La prévision de solde structurel et de solde effectif de l’ensemble des administrations publiques pour 2018 s’établit comme suit :

 

(En points de produit intérieur brut)

Prévision 2018

Solde structurel (1)

-2,2

Solde conjoncturel (2)

-0,1

Mesures exceptionnelles et temporaires (3)

-0,2

Solde effectif (1 + 2 + 3)

-2,6 *

* Lécart entre le solde effectif et la somme de ses composantes sexplique par larrondi au dixième des différentes valeurs.

Mme la présidente. La parole est à M. Pascal Savoldelli, sur l’article.

M. Pascal Savoldelli. Madame la présidente, monsieur le ministre, monsieur le président de la commission, monsieur le rapporteur général, mes chers collègues, le Haut Conseil des finances publiques pointe une forme de stagnation du résultat des efforts accomplis et demandés à la grande majorité de nos compatriotes. Il écrit :

« Les recettes font l’objet d’ajustements à la hausse pour les droits de mutation à titre onéreux et pour les recettes non fiscales et à la baisse pour les droits de succession et de donation ainsi que pour l’impôt sur la fortune immobilière.
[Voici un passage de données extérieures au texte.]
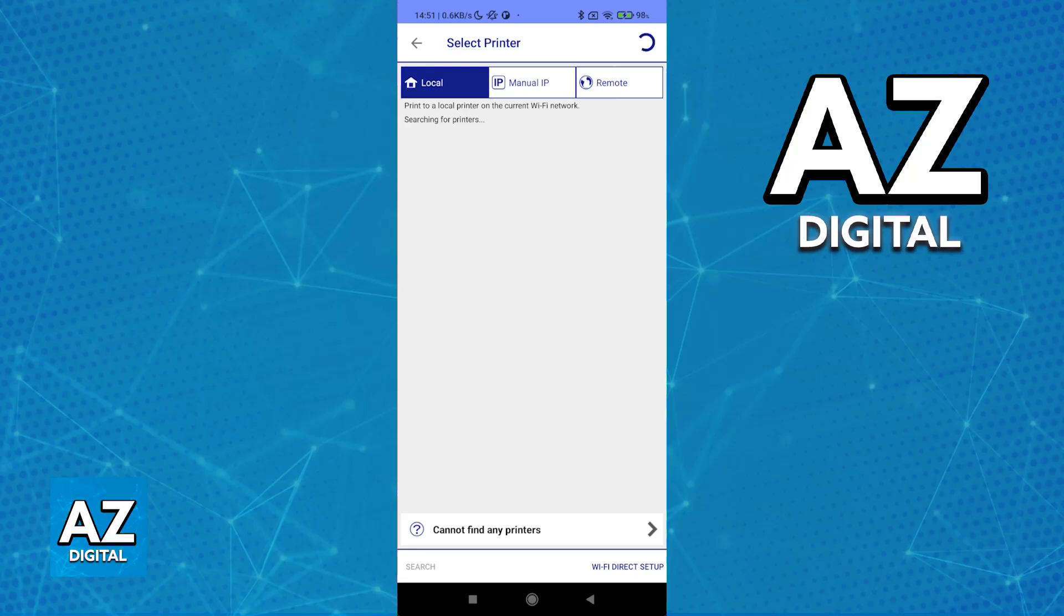All you have to do is, on the printer itself, press and hold the Wi-Fi button. Usually some lights will flash, indicating it's looking for a network, and once it finishes properly connecting to the same Wi-Fi network, it will be listed here.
« Les recettes de TVA encaissées sur les neuf premiers mois de l’année sont en retrait par rapport à la prévision.

« Un rattrapage important est attendu par le Gouvernement d’ici à la fin d’année, en lien notamment avec le rebond prévu de la consommation des ménages et un rythme moins élevé des remboursements et dégrèvements qu’à la fin 2017.

« Le Haut Conseil considère que l’ampleur de ce rattrapage pourrait être plus modérée.
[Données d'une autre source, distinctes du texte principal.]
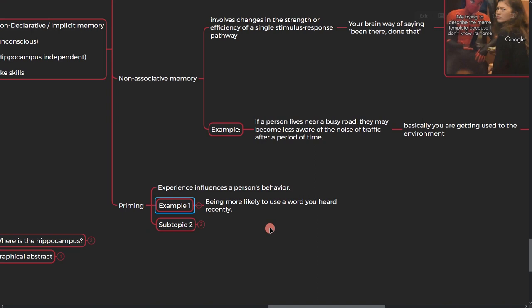So let's take a look at the example. Being more likely to use a word you heard recently. It is in your long-term memory but you're actually priming it. For example, you know the meaning of a vocabulary, you hear it a few times in someone else's speech, and whether you want it or not, you use that type of vocabulary, that type of language in your speech.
« La prévision des autres recettes est globalement en ligne avec les informations disponibles – encaissement des recettes fiscales, prévision de masse salariale de l’ACOSS, l’Agence centrale des organismes de sécurité sociale.

« Enfin, une incertitude forte porte, comme chaque année, sur le montant du dernier acompte d’impôt sur les sociétés. »

Le Haut Conseil estime également que la prévision de croissance retenue dans le collectif est trop optimiste. Une telle situation nous conduit, mes chers collègues, non à une conversion aux mérites du processus actuel d’analyse des documents budgétaires, mais à une conclusion simple.

La priorité accordée par le Gouvernement à l’allégement des obligations fiscales des entreprises et des particuliers les plus fortunés ne semble pas s’être traduite en termes de croissance et d’investissements, ces derniers étant annoncés en stagnation cette année.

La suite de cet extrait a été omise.